:: PROBLEM STATEMENT ::
Search the data for the string "cream" and extract every line where it appears.
─── RECORDS PROVIDED
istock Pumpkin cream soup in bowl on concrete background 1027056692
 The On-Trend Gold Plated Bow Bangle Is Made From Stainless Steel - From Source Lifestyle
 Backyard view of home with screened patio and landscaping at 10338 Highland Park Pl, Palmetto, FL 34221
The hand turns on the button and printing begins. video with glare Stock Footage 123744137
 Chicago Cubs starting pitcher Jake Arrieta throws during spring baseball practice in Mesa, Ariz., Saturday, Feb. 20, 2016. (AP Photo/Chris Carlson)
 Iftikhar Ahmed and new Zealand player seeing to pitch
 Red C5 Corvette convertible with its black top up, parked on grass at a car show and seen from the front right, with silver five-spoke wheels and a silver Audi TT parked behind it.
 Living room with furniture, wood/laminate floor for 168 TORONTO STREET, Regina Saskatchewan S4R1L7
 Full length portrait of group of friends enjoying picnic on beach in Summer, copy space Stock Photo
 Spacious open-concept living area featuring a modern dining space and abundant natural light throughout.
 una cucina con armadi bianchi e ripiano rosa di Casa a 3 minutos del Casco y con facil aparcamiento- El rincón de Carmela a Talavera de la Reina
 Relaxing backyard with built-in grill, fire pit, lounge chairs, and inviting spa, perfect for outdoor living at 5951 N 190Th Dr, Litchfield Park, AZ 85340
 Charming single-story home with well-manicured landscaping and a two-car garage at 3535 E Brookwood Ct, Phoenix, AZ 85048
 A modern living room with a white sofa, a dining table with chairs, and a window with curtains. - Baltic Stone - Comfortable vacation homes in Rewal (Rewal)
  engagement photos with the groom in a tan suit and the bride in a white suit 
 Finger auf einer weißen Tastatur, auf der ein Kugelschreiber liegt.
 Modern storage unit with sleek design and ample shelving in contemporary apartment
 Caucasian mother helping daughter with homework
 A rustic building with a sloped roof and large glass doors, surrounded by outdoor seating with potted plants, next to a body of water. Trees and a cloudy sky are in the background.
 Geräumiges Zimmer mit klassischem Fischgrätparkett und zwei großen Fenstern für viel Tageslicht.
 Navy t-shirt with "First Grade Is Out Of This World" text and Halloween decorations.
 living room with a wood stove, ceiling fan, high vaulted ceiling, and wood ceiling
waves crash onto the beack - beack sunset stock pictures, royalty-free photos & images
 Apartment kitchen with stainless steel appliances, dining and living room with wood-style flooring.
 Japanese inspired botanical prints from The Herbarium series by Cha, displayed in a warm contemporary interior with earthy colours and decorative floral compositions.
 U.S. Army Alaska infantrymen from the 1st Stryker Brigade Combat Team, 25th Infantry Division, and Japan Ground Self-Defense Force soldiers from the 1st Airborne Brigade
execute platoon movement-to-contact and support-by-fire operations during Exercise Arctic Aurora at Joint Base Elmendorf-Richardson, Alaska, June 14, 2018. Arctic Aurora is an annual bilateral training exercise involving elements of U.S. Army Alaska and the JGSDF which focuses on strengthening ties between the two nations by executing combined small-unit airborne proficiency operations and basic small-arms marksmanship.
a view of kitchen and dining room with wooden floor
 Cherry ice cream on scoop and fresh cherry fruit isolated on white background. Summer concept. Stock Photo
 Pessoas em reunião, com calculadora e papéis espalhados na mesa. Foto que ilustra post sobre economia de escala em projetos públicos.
──────
:: WORKED SOLUTION ::
istock Pumpkin cream soup in bowl on concrete background 1027056692
 Cherry ice cream on scoop and fresh cherry fruit isolated on white background. Summer concept. Stock Photo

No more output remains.